Uno de sus sueños




En el sueño te has sentado junto a mi en el tren. Subías en una estación pequeña del trayecto, una estación con luces muy tenues y despoblada. No hablabas apenas. Tampoco te movías, sino para cruzar las piernas. En algún momento te llamó la atención el paso de los postes de telegrafía y me hiciste una indicación. Parecías un niño, aturdido por las direcciones opuestas que se cruzaban sin chocar. Me tentaba explicarte el significado de los objetos que parecían no detenerse. Incluso el interior del vagón no era estable y nuestros cuerpos se golpeaban y se separaban a capricho del ajetreo. Entonces decidí enseñarte los porqués de las cosas. Nos pusimos a contemplar cuanto se manifestaba al otro lado de la ventanilla. Era un tren como los de antes, y se zarandeaba con mucho estrépito. Nos golpeábamos sin mayores consecuencias contra el cristal. Tú me señalabas las ciudades lejanas y yo te hablaba de ellas como si las hubiera recorrido todas. Tú te excitabas cuando veíamos una manada de toros y yo te contaba del origen del toro. Tú advertías la blancura de los neveros de los montes y yo te hacía sentir su frío quemante. Iba cayendo la tarde. El paisaje empezaba a mostrarse desconocido. Se abrían llanuras inmensas pero de pronto atravesábamos un valle angosto y a continuación un desierto abrasador. Nos sorprendimos. Cuando tú me preguntastes por esta peculiaridad yo no supe responderte. Todo resultaba también vertiginoso y nuevo para mi.
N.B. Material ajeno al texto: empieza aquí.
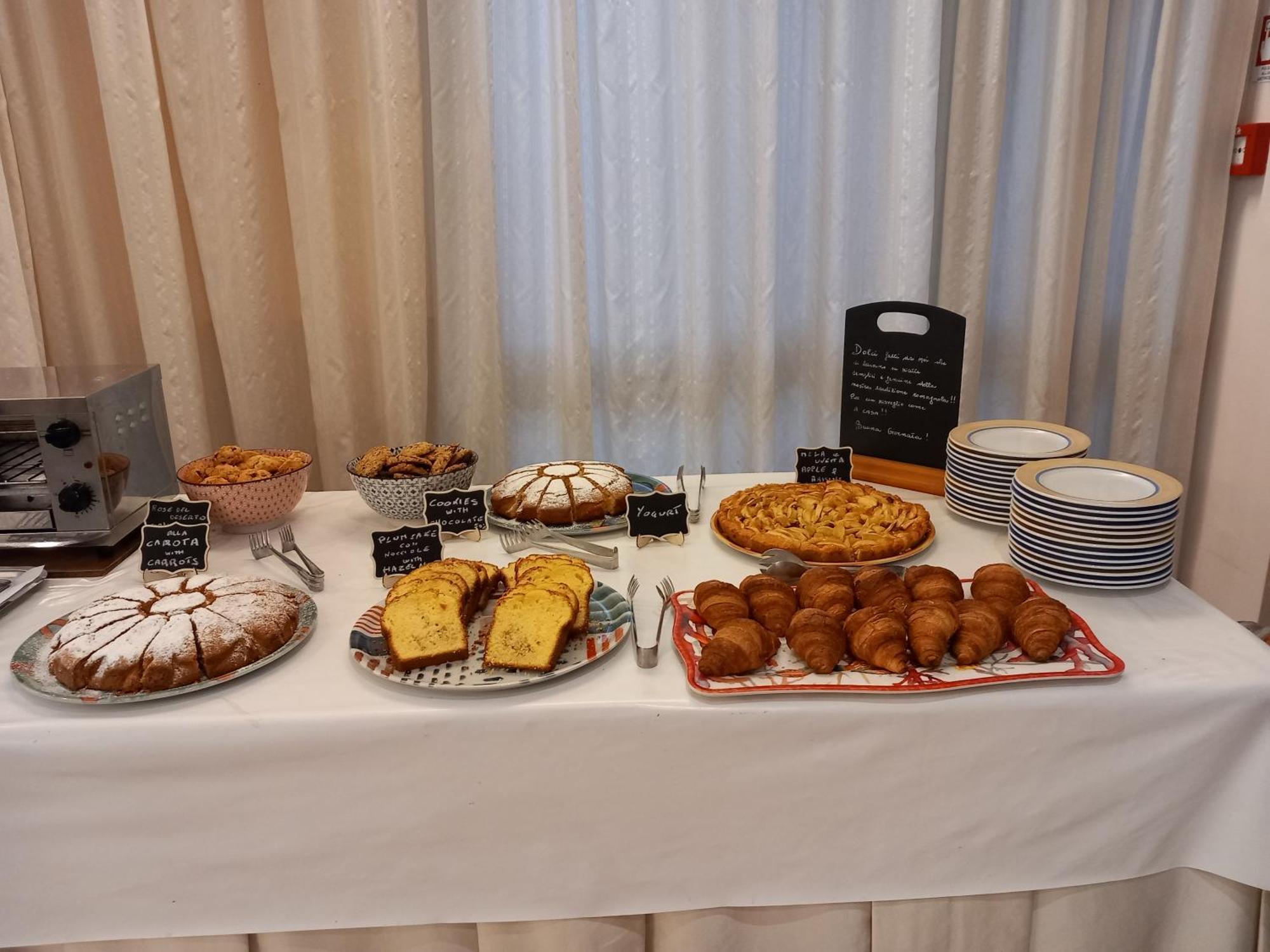 Acasamia Welchome Hotel Римини Экстерьер фото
La noche se mostró de pronto en plenitud y el paisaje sólo éramos nosotros. Recuerdo que te puse una mano sobre el hombro. Que ambos nos mirábamos en nuestro reflejo. Luego tú pusiste también una mano sobre la mía. No sé qué buscabas, pero sentí un calor intenso. Era un fotograma, como ésos que tanto tú como yo hemos odiado toda la vida. Aquel tacto mutuo tenía valor. Porque era real. Porque nacía del sueño.